For instance, today Robert posted a video interview with Dr Timothy Cote, the Head of the FDA’s Office of Orphan Product Development.
Most of us rare disease groups tend to find that one of the biggest challenges we face is isolation. Few people are interested in a disease that affects hardly anyone. Aggregating rare diseases into a mass movement is crucial to helping raising awareness. That’s where organisations like CheckOrphan come in: they’re showing that rare diseases are common and are highlighting all the work that’s being carried out.
So go on, check it out now: http://www.checkorphan.org.

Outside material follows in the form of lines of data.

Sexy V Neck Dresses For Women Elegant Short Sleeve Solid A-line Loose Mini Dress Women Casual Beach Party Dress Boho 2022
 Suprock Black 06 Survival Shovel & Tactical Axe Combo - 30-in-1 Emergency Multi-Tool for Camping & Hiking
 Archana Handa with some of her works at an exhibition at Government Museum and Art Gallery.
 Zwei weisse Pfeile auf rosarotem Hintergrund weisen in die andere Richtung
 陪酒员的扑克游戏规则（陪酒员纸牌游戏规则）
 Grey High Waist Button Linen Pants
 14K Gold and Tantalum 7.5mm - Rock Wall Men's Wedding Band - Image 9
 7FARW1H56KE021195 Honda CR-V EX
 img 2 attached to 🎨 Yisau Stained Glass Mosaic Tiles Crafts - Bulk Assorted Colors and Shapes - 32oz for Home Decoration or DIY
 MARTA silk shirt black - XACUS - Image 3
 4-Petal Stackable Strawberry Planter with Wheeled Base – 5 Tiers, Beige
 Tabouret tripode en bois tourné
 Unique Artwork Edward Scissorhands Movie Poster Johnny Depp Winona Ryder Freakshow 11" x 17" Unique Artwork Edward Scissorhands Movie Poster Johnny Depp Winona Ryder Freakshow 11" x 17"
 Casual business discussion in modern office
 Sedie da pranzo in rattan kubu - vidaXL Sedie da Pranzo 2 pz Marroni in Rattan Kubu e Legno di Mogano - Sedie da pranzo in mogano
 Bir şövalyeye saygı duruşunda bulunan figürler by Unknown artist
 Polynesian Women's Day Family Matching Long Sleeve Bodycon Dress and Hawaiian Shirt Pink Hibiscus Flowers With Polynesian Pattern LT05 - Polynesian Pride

I just got an email from Sharon Terry, the CEO and President of the amazing US-based Genetic Alliance, with some excellent links:
1.) Disease InfoSearch (http://www.geneticalliance.org/diseaseinfosearch) is an online search tool and database that is a compilation of information on genetic conditions as well as a listing of the disease-specific advocacy organizations that are part of Genetic Alliance’s network. This resource is utilized daily by patients and healthcare professionals. To create a listing for your organization, email Alyson Krokosky at firstname.lastname@example.org
2.) Genetic and Rare Diseases Information Center (GARD) (http://rarediseases.info.nih.gov/GARD/Default.aspx?PageID=4) serves as a resource to any member of the public – patient, health care provider, teacher, etc. – who has an unanswered question related to genetic conditions and rare diseases. Trained information specialists will provide individualized answers to questions not already answered and shared through their Q & As.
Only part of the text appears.